> _THE DATA_:
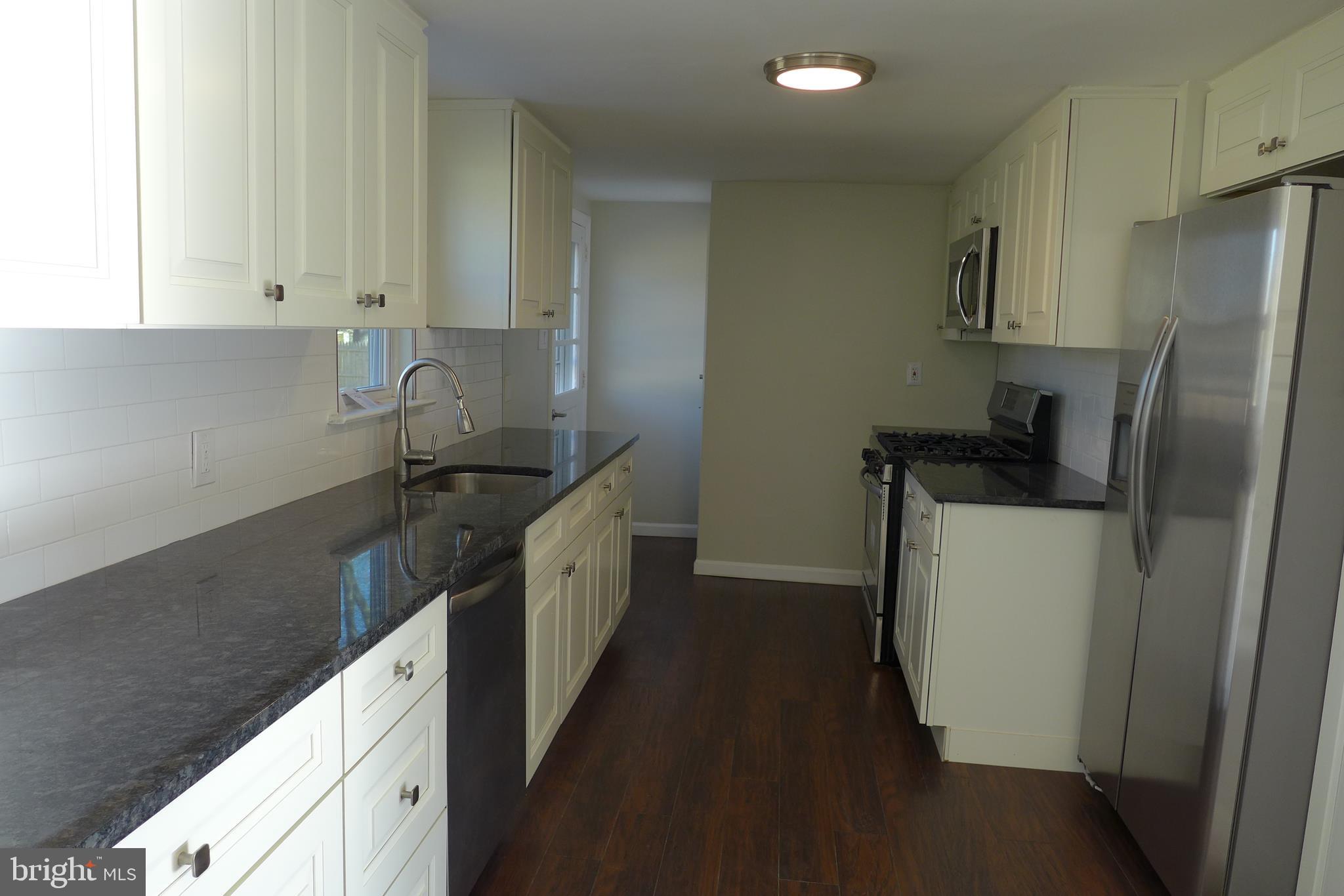 730 Norcross Road Lindenwold, NJ 08021 - Photo 7 of 25 Kitchen, photo taken from Breakfast Area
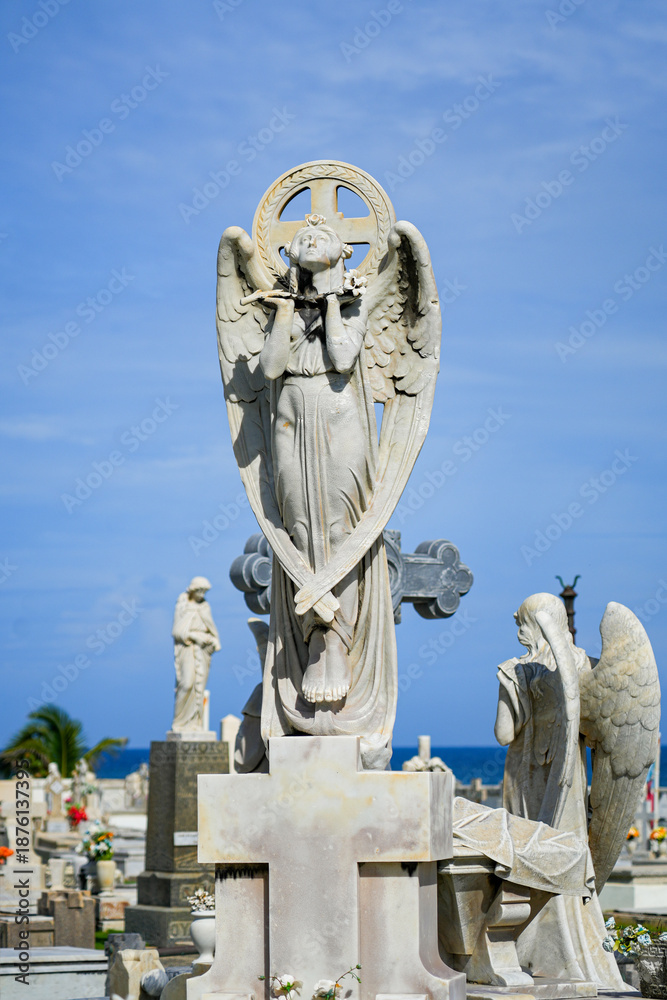Obraz premium Stunning marble angel statue on a historic family tomb in the Santa Maria Magdalena de Pazzis Cemetery in Old San Juan, Puerto Rico
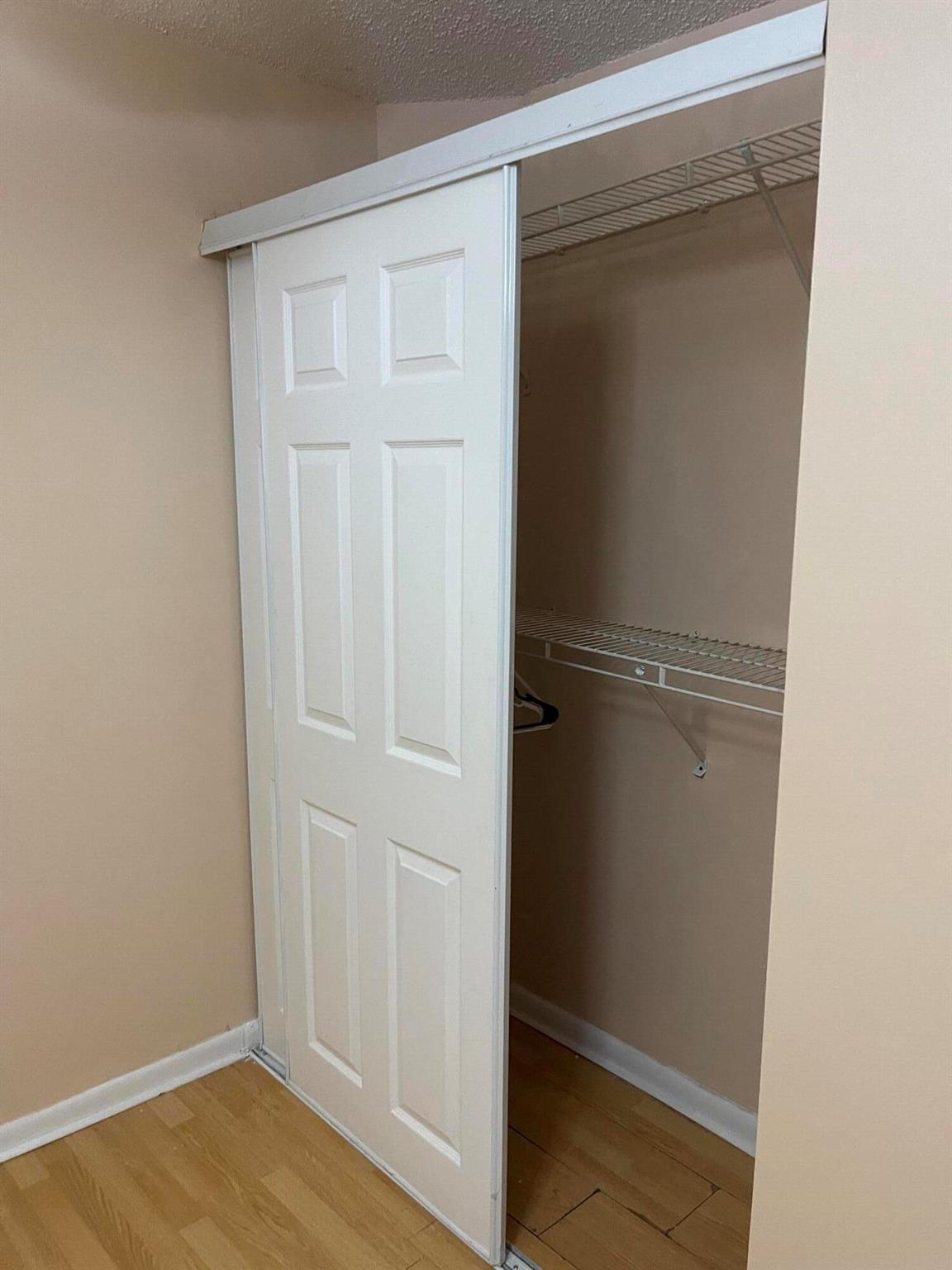 Lees Crossing 1 Twnhs - Residential Lease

> _ABOUT THIS EXERCISE_:
Apart from the pictures, every line above must be repeated exactly.

> _ANSWER BOX_:
 730 Norcross Road Lindenwold, NJ 08021 - Photo 7 of 25 Kitchen, photo taken from Breakfast Area
Obraz premium Stunning marble angel statue on a historic family tomb in the Santa Maria Magdalena de Pazzis Cemetery in Old San Juan, Puerto Rico
 Lees Crossing 1 Twnhs - Residential Lease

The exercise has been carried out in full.